Re: [PATCH 10/13] util: hash: Reimplement virHashTable using GHashTable

Tuesday, 27 October 2020

On Tue, Oct 27, 2020 at 10:04:33 +0000, Daniel Berrange wrote:
...
 On Tue, Oct 27, 2020 at 10:53:12AM +0100, Peter Krempa wrote:
 > On Mon, Oct 26, 2020 at 16:08:34 +0000, Daniel Berrange wrote:
 > > On Mon, Oct 26, 2020 at 04:45:50PM +0100, Peter Krempa wrote:
 > > > Glib's hash table provides basically the same functionality as our
hash
 > > > table.
 > > > 
 > > > In most cases the only thing that remains in the virHash* wrappers is
 > > > NULL-checks of '@table' argument as glib's hash functions
don't tolerate
 > > > NULL.
 > > > 
 > > > In case of iterators, we adapt the existing API of iterators to glibs to
 > > > prevent having rewrite all callers at this point.
 > > > 
 > > > Signed-off-by: Peter Krempa <pkrempa(a)redhat.com&gt;
 > > > ---
 > > >  src/libvirt_private.syms |   4 -
 > > >  src/util/meson.build     |   1 -
 > > >  src/util/virhash.c       | 416 ++++++++++-----------------------------
 > > >  src/util/virhash.h       |   4 +-
 > > >  src/util/virhashcode.c   | 125 ------------
 > > >  src/util/virhashcode.h   |  33 ----
 > > 
 > > Our hash code impl uses Murmurhash which makes some efforts to be
 > > robust against malicious inputs triggering collisons, notably using
 > > a random seed.
 > > 
 > > The new code uses  g_str_hash which is much weaker, and the API
 > > docs explicitly recommend against using it if the input can be from
 > > an untrusted user.
 > 
 > Yes, I've noticed that, but didn't consider it to be that much of a
 > problem as any untrusted input which is stored in a hash table (so that
 > the attacker can use crafted keys) must be in the first place
 > safeguarded against OOM condition by limiting the input count/size.
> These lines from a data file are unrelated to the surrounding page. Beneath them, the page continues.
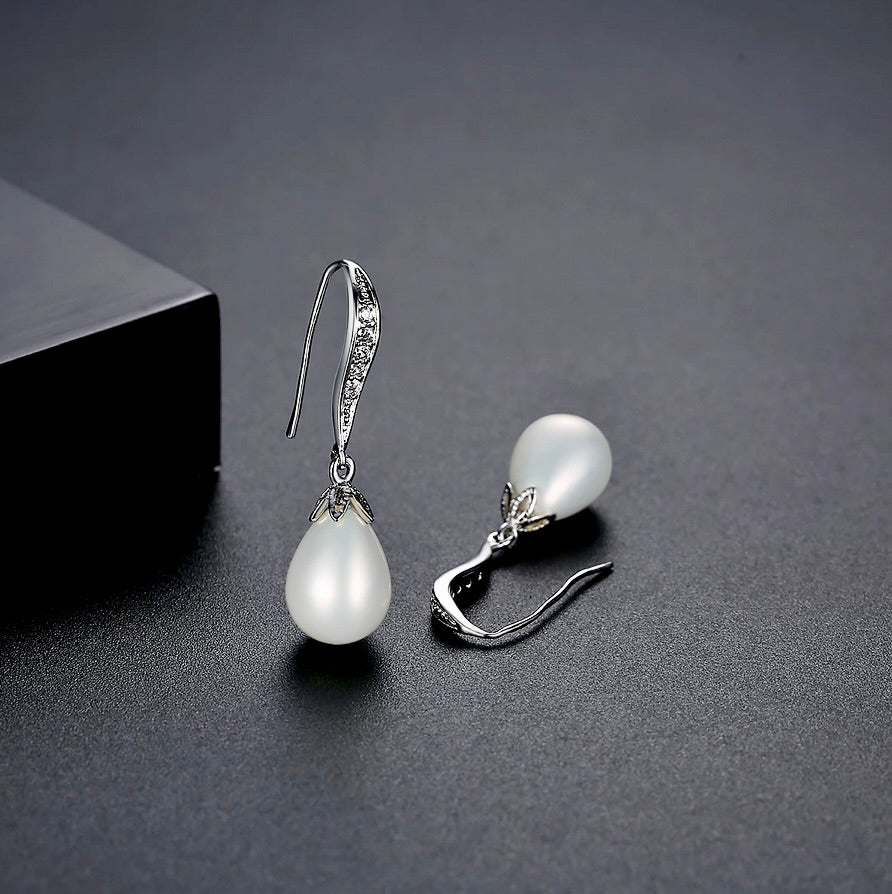 "Nevaeh" - Pearl and Cubic Zirconia Bridal Jewelry Set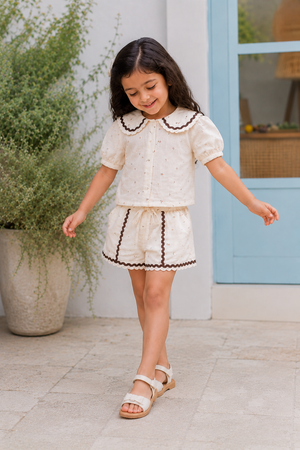 Cocoa Lace Charm Set | Premium Kidswear by Amoura Kids
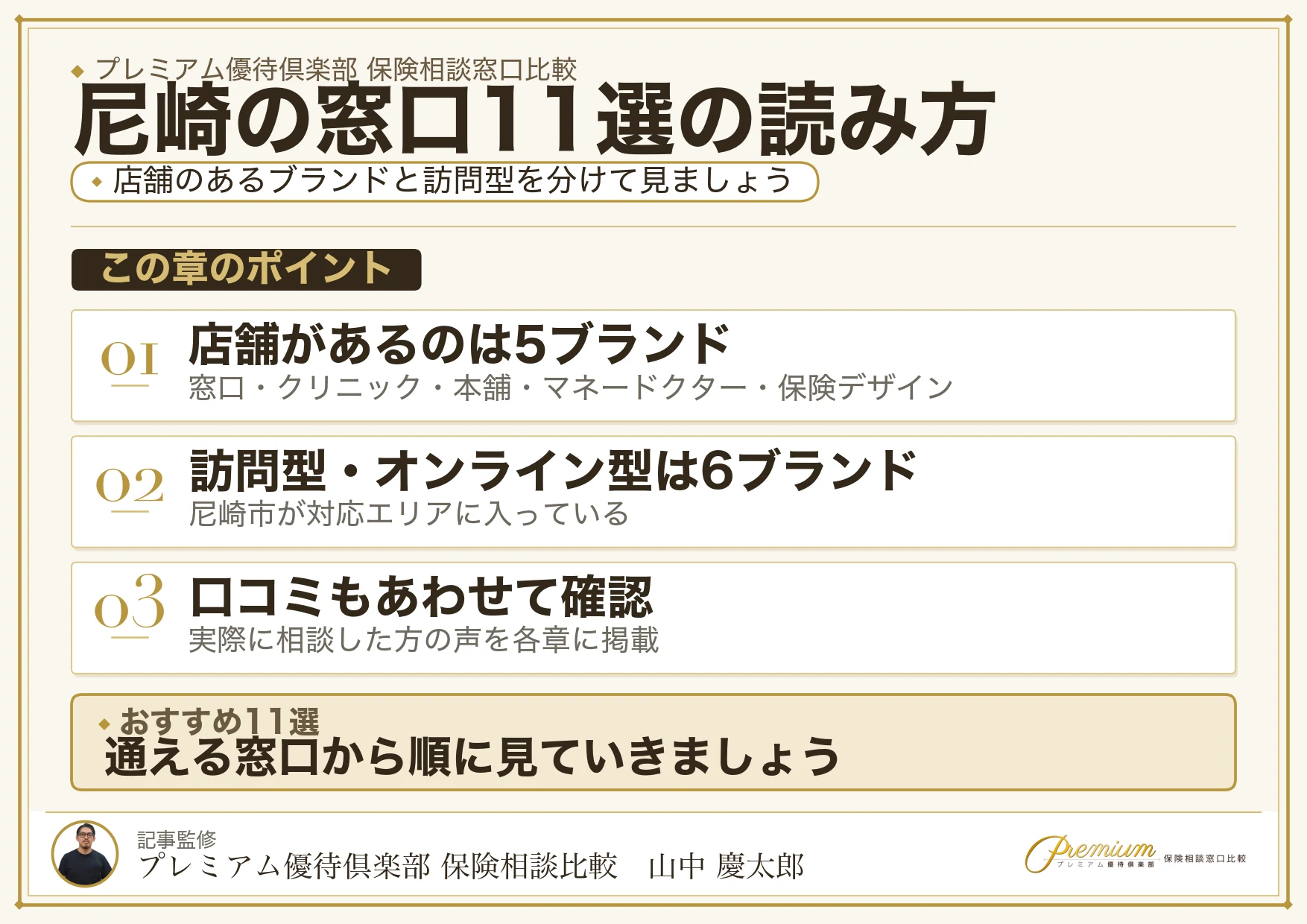 尼崎でおすすめの保険相談窓口11選の読み方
 The problem isn't OOM, rather it is algorithmic complexity. With malicious
 hash collisions the runtime lookup performance degrades to O(n) which can
 cause scalability concerns in some cases. 
I was pointing out that limiting the input size needed for OOM limit
conveniently limits the size of 'n'.

The worst case for a malicious actor that I can see is the block device
statistics code, where the worst case input would be based on 2 * 10 MiB
of json, where based on 200 bytes per entry you could achieve 100k hash
comparisons.

As noted though, I think we can use the better hash function we have.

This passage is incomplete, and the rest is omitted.